Now if we think about what AI does, it basically mimics the flawed approach outlined above. AI is trained from a large portion of the web, books, and articles written on a topic, so when you ask it about anything, it simply rehashes what’s been written on a topic (in grammatically pristine English, to be fair).

But what is the “correct” answer? How does AI decide what to say? What does it say on topics where there is no right answer? Does it ever take a strong stance on a topic? 

The answer is that AI writers are biased towards saying the most average thing because that’s how they’re built. They’re programmed to produce a response that is as similar to the information they were trained on. All AI-writing tools know is what they’ve been trained on, which is by definition, things that people have already said. They are literally programmed to find the most likely word that goes after the word it just wrote, over and over again.

This is why AI content feels so much like what I defined as Mirage Content 7 years ago: when you first read it, it sounds really articulate and well-written, but when you stop to really dissect the arguments, you realize it’s just stating the same generic arguments in different ways.

So as a content marketing tool, AI is effectively just making it easier to produce mirage content at scale. Many companies and agencies are taking the same flawed approach they used before to produce content and are now doing it faster with technology. Instead of hiring freelancers to Google a topic for an hour and regurgitate what the top 5 results are saying into their own blog post, they can now just use AI to do the exact same thing, but faster.

So if this is the type of “content marketing” you do (largely surface-level coverage of introductory topics), I absolutely agree that AI could be a good replacement for this type of writing.

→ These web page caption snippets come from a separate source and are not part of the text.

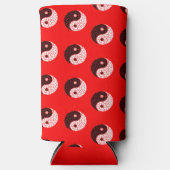 Ying Yang-Kreisen auf rot Selters Dosenkühler (Vorderseite)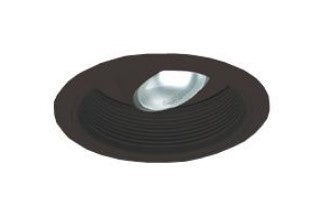 ELCO Lighting EL508B 6 Inches Regressed Baffle Trim with Regressed Eyeball All Black Finish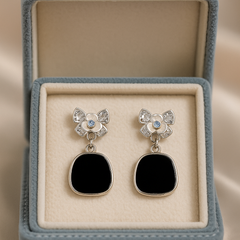 Midnight Bloom Earrings | Gold-Plated Stainless Steel – KZ8812317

This is writing where you don’t care about selling your personal or company’s expertise to someone else, and where you don’t care about having your company or CEO’s opinion on the topic woven into the pieces. There’s a large number of writers and agencies who produce mirage content that will get replaced because their approach and strategy was flawed to begin with.

But most companies don’t want to produce content that says the same thing as everyone else. They want to share unique, original, or provocative opinions. They want to explain why the approach their competitors are taking to solve the industry problems are wrong, and why their approach is better. They want to be known for their thoughts and their opinions and be considered “thought leaders” in their industry (easier said than done).

This kind of high-quality content is effective. It helps convince customers about your product over competitors and it helps your brand and ideas stand out from the rest. But if your process to produce great content starts with getting the argumentation on a topic from AI, you’ve already lost. You’re just going to end up with the same unoriginal content as everyone else.

Going forward, I think that AI written content will be a race to the bottom. Companies are going to experiment with it, the web is going to get flooded with more bad content, and I think in a year or two the content that will be most valued will be the ones produced by humans. People have always wanted to read something that challenges their thinking, educates them on something new, or has a differing opinion. The way to produce content like that going forward isn’t with AI, it’s with humans.

There are many people that might disagree with this opinion, but I have yet to see anyone show me an example of a good piece of content produced with AI. So if you have one, feel free to share a link to it below.